Я (Дж. Ф) работала с Луиз, которая перешла на новую работу и готовилась к переменам. “Некоторые коллеги подходили ко мне и говорили, что мне не следует говорить людям на моей новой работе, что я наполовину афро-американка”, — сказала она мне.

“Что вы думаете об этой идее?” — спросила я.

“Я думаю, они правы, — заявила она. — Это не пойдет мне на пользу. Люди будут считать меня черной и будут иметь предубеждения против меня, а, поскольку я не похожа на черную, черные никоим образом не примут меня за свою”.

“Здесь я нахожусь в невыгодном положении... Мне неведомо, что представляет собой ваш опыт. Могу я задать вам еще несколько вопросов об этом?”

“Конечно”.

“Хорошо, как вы думаете, какими убеждениями или установками должен руководствоваться человек, чтобы предполагать, что людям не следует знать, что вы полукровка?”

“Люди, которые говорили мне это были черными, и я согласна с ними. Черные люди более неотесанны и грубы”.

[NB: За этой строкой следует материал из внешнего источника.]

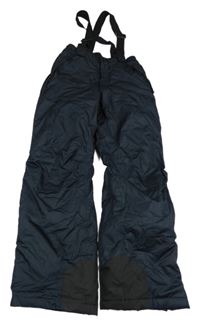 Černé šusťákové oteplovačky s odepínacími kšandami Crane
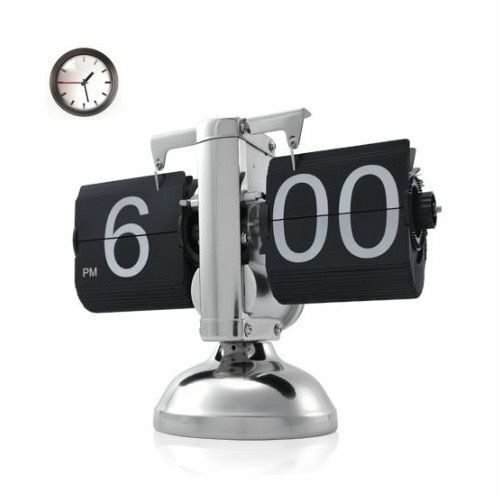 Stylish Modern Retro Modern Page Auto Flip Desk Clock Home Vintage Clocks Gift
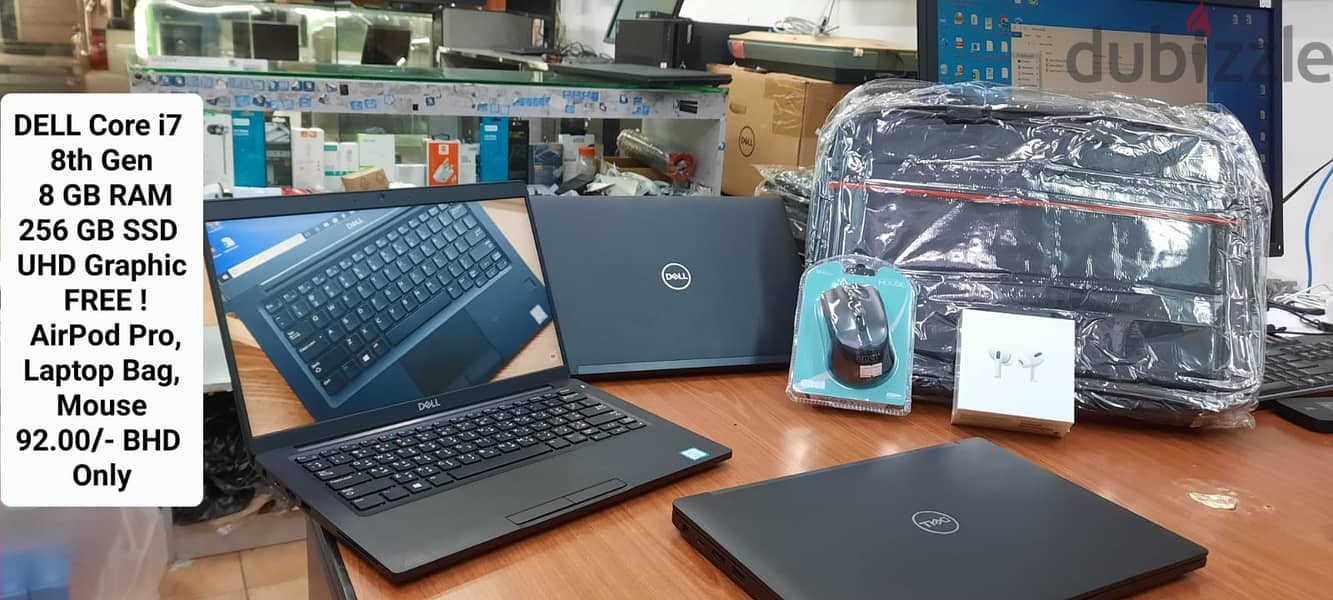 DELL Core I7 8th Gen Intel UHD Graphic 8GB FREE AirPod Pro,Laptop Bag, 1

“Я сама этого не замечала, но могу я спросить вас о другой стороне этого дела? Как вы думаете, какое влияние на вашу жизнь окажет сокрытие вашего происхождения?”

“Я не стыжусь того, кто я есть. Я имею в виду, я не была обязана говорить об этом людям на моей последней работе”.

“Да, но я отнюдь не собираюсь говорить, что вам следует делать. На самом деле, я не знаю. Мне просто интересно, если вы будете держать это в секрете, какое влияние это окажет на вас?”

“Возможно, это будет удерживать меня на расстоянии от людей. Может быть, ухудшит мое ощущение, что я — черная. Мне всегда нравилось быть черной”.

Держа в уме, что мы используем несколько этих вопросов вместе, как это начинает проявляться в отрывке, давайте рассмотрим каждую из наших пяти категорий деконструктивных вопросов в отдельности.